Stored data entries
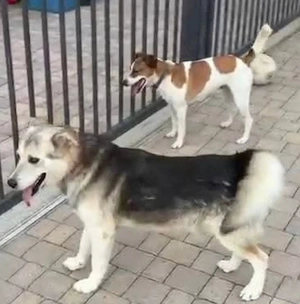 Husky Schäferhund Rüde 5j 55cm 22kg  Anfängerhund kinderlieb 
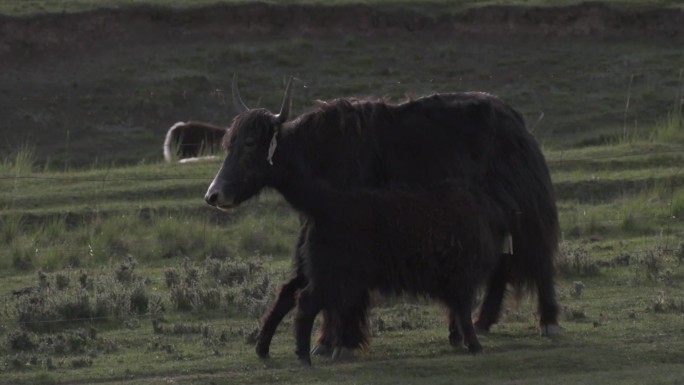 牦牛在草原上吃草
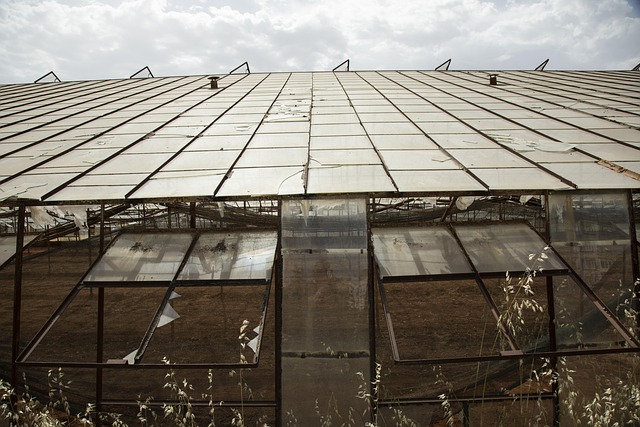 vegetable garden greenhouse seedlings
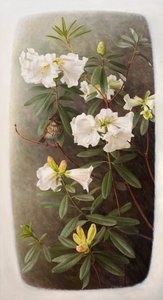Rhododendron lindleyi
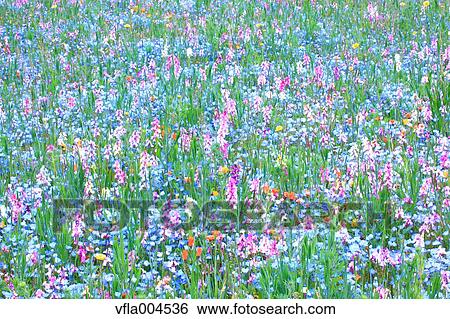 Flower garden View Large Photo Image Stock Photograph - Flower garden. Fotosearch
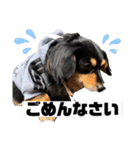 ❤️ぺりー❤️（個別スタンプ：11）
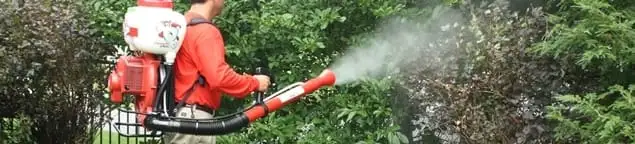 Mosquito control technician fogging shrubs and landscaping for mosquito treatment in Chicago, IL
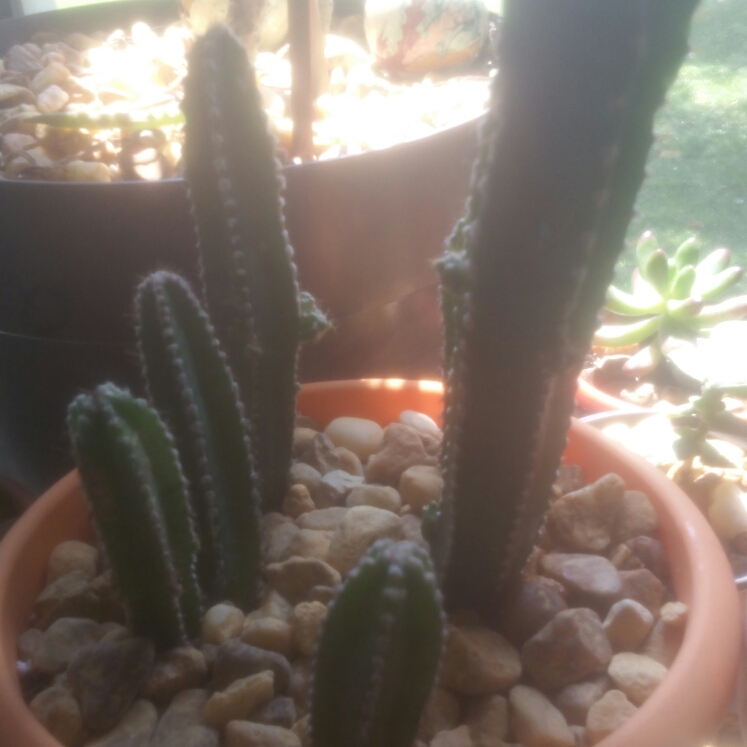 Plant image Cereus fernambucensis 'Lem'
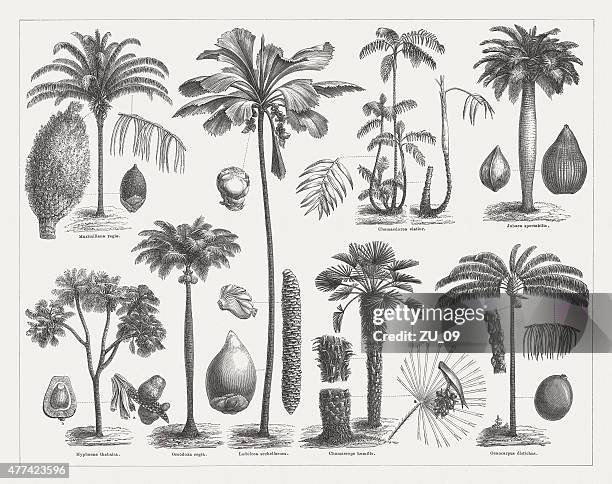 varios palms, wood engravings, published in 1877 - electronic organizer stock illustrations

#### EXERCISE
Would you set down the records above once more, exactly, with the pictures removed?

#### SOLUTION FOR THIS PROBLEM
 Husky Schäferhund Rüde 5j 55cm 22kg  Anfängerhund kinderlieb 
 牦牛在草原上吃草
 vegetable garden greenhouse seedlings
Rhododendron lindleyi
 Flower garden View Large Photo Image Stock Photograph - Flower garden. Fotosearch
 ❤️ぺりー❤️（個別スタンプ：11）
 Mosquito control technician fogging shrubs and landscaping for mosquito treatment in Chicago, IL
 Plant image Cereus fernambucensis 'Lem'
 varios palms, wood engravings, published in 1877 - electronic organizer stock illustrations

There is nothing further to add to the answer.